WHAT TO PRODUCE:
Because the copy must hold no pictures, return the data below with all of its words intact.

DATA PROVIDED:
_ _ _ _ _

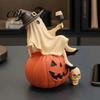 Spooky Desktop Ornament Cute Ghost Figurine, Sitting on Pumpkin Statue with Witch Halloween Gifts for Women Hat, Resin Tabletop Home Party Decor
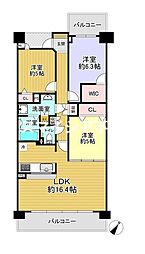 リバティパーク枚方B棟 3LDKの間取り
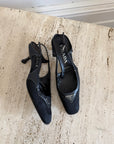Vintage 90s Prada Black Nylon Leather Slingback Heels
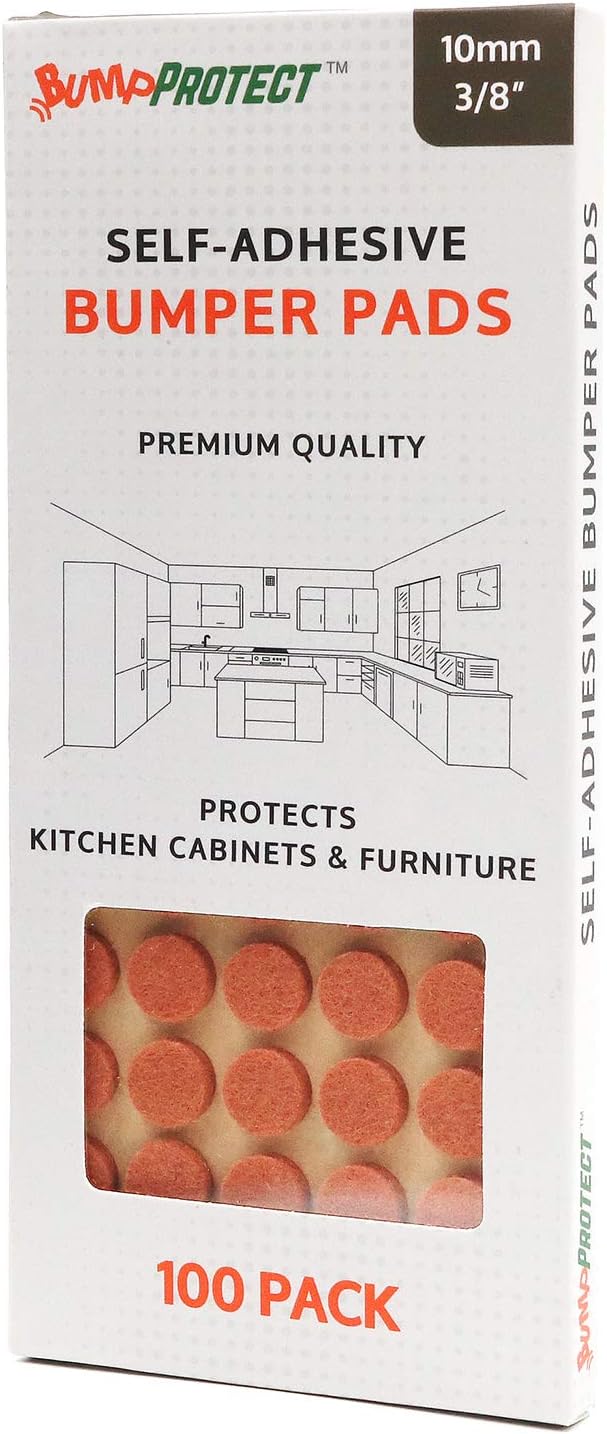 Furniture Felt Pads 3/8" (10mm) Diameter Round 3M Self Adhesive Protects Kitchen Cabinets, Drawers, Desks and Furniture Against Bumps and Scratches 100 Pack - Sienna (Maple) | Furniture Pads - TrueDesk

_ _ _ _ _

RESULT OF THIS EXERCISE:
 Spooky Desktop Ornament Cute Ghost Figurine, Sitting on Pumpkin Statue with Witch Halloween Gifts for Women Hat, Resin Tabletop Home Party Decor
 リバティパーク枚方B棟 3LDKの間取り
Vintage 90s Prada Black Nylon Leather Slingback Heels
 Furniture Felt Pads 3/8" (10mm) Diameter Round 3M Self Adhesive Protects Kitchen Cabinets, Drawers, Desks and Furniture Against Bumps and Scratches 100 Pack - Sienna (Maple) | Furniture Pads - TrueDesk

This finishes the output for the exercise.